YOUR ASSIGNMENT: Repeat the data exactly, please; no pictures belong in the copy.

>>>

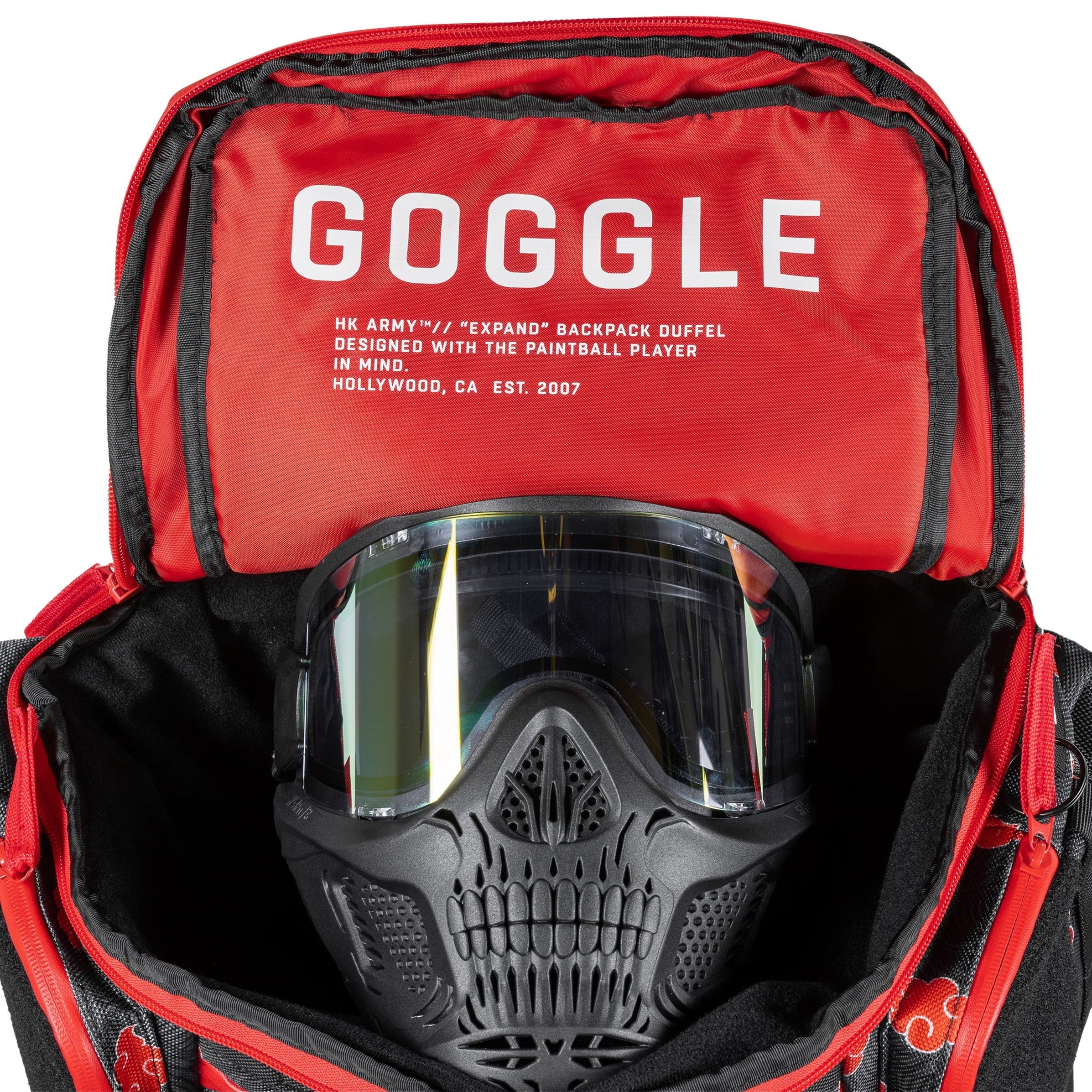 HK ARMY EXPAND 35L BACKPACK DEVASTATION KLOUD — Pro Edge Paintball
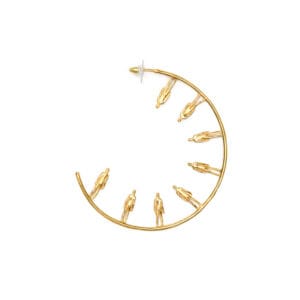 საყურე "MOVMENT"- NINO SEPO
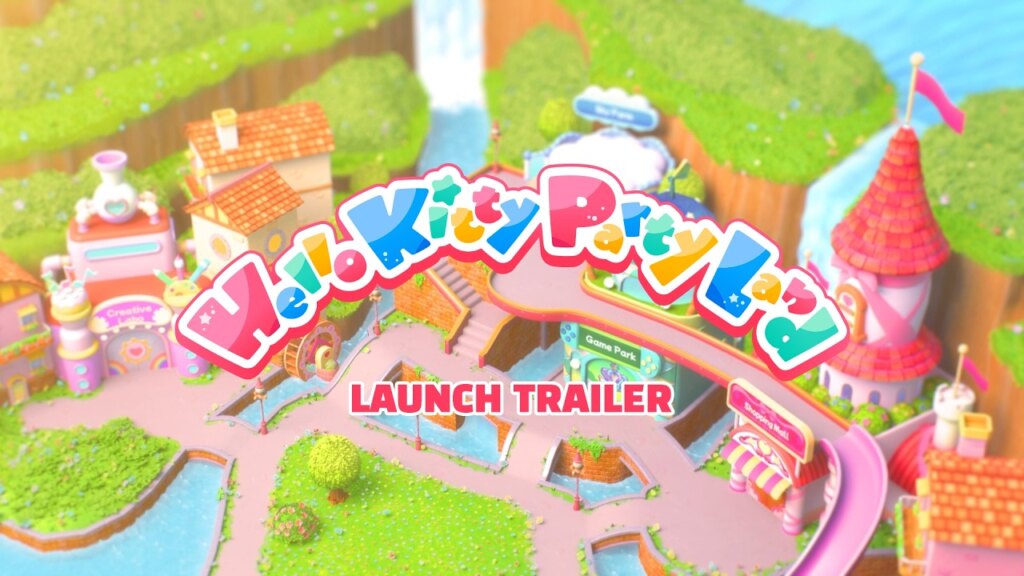 Hello Kitty Party Land ist ab sofort erhältlich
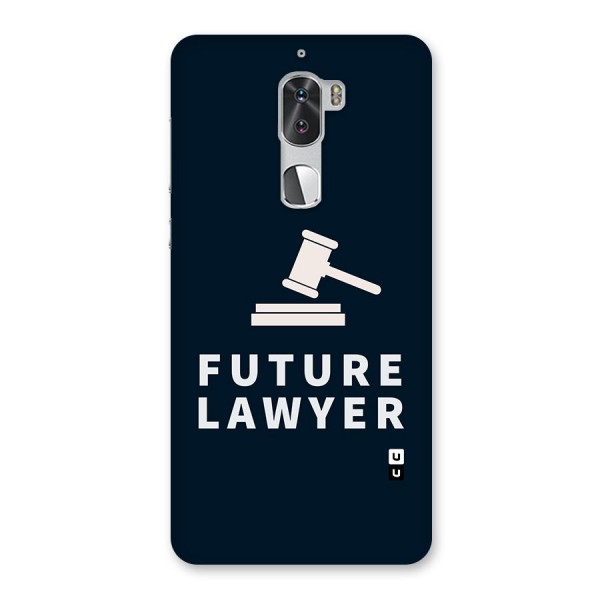 Future Lawyer Back Case for Coolpad Cool 1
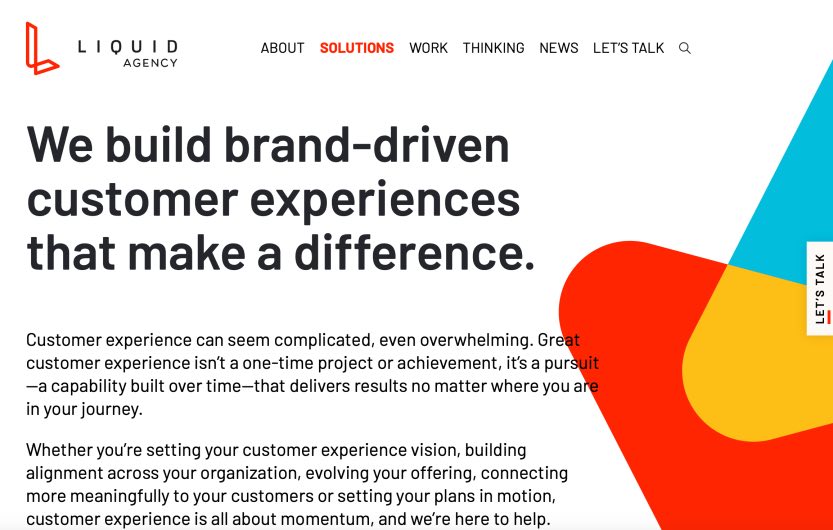 Liquid Agency Top CX Agencies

<<<

SOLUTION BELOW:
 HK ARMY EXPAND 35L BACKPACK DEVASTATION KLOUD — Pro Edge Paintball
 საყურე "MOVMENT"- NINO SEPO
 Hello Kitty Party Land ist ab sofort erhältlich
 Future Lawyer Back Case for Coolpad Cool 1
 Liquid Agency Top CX Agencies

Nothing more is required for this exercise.